_Supplied material_
>>>>>

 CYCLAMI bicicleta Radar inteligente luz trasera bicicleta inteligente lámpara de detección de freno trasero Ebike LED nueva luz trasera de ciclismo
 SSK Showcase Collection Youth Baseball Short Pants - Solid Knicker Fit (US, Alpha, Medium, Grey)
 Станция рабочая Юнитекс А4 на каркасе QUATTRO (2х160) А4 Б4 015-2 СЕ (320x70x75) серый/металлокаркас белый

<<<<<
>>>>>

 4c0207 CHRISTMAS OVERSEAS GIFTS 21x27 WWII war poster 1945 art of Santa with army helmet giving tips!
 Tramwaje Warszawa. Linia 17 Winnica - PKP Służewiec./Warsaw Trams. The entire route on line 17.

<<<<<
>>>>>

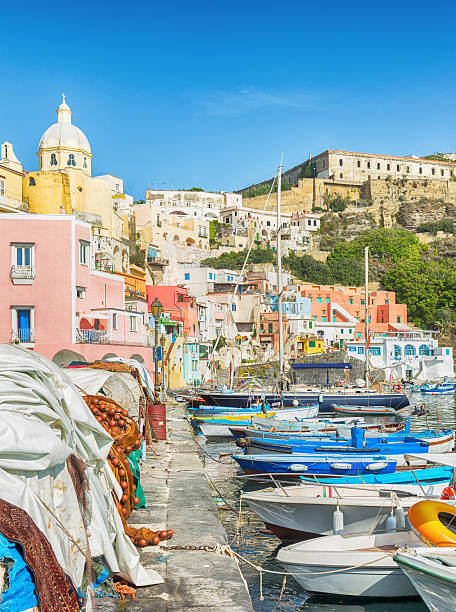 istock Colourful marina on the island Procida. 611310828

<<<<<

Repeat, exactly as they stand above, the lines from the line with "CYCLAMI bicicleta Radar" to the line with "Станция рабочая Юнитекс", both lines included.

_Exercise result_
 CYCLAMI bicicleta Radar inteligente luz trasera bicicleta inteligente lámpara de detección de freno trasero Ebike LED nueva luz trasera de ciclismo
 SSK Showcase Collection Youth Baseball Short Pants - Solid Knicker Fit (US, Alpha, Medium, Grey)
 Станция рабочая Юнитекс А4 на каркасе QUATTRO (2х160) А4 Б4 015-2 СЕ (320x70x75) серый/металлокаркас белый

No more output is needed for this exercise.